-- What you should do --
The lines to extract begin at the line that contains "AMLA BOX - Kashmir Watan Foodstores" and run through the last line of the listing; reproduce them exactly, minus any pictures.

-- The data --
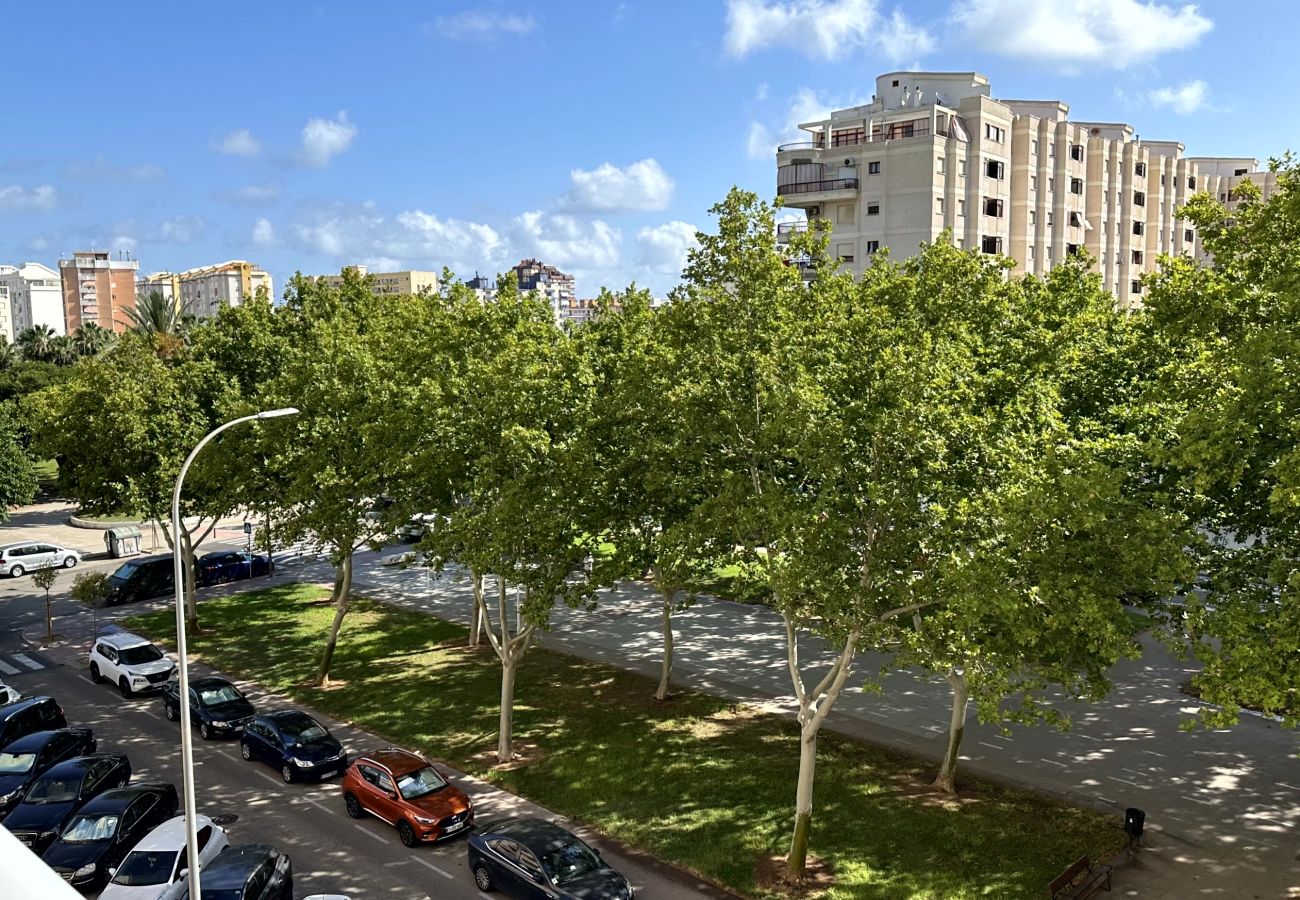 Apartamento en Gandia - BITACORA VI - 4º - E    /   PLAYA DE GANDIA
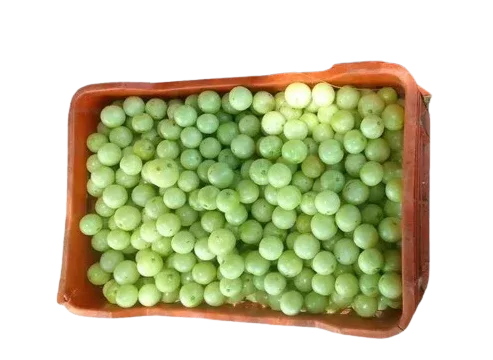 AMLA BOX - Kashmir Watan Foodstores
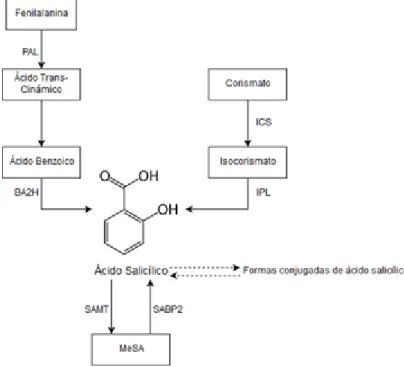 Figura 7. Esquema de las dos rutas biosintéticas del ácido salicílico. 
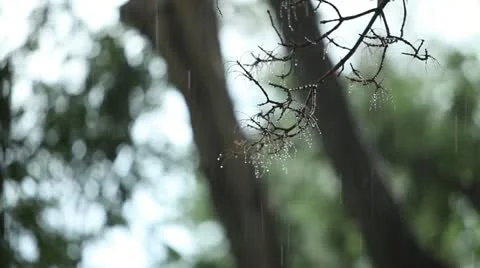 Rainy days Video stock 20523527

-- Solution below --
 AMLA BOX - Kashmir Watan Foodstores
 Figura 7. Esquema de las dos rutas biosintéticas del ácido salicílico. 
 Rainy days Video stock 20523527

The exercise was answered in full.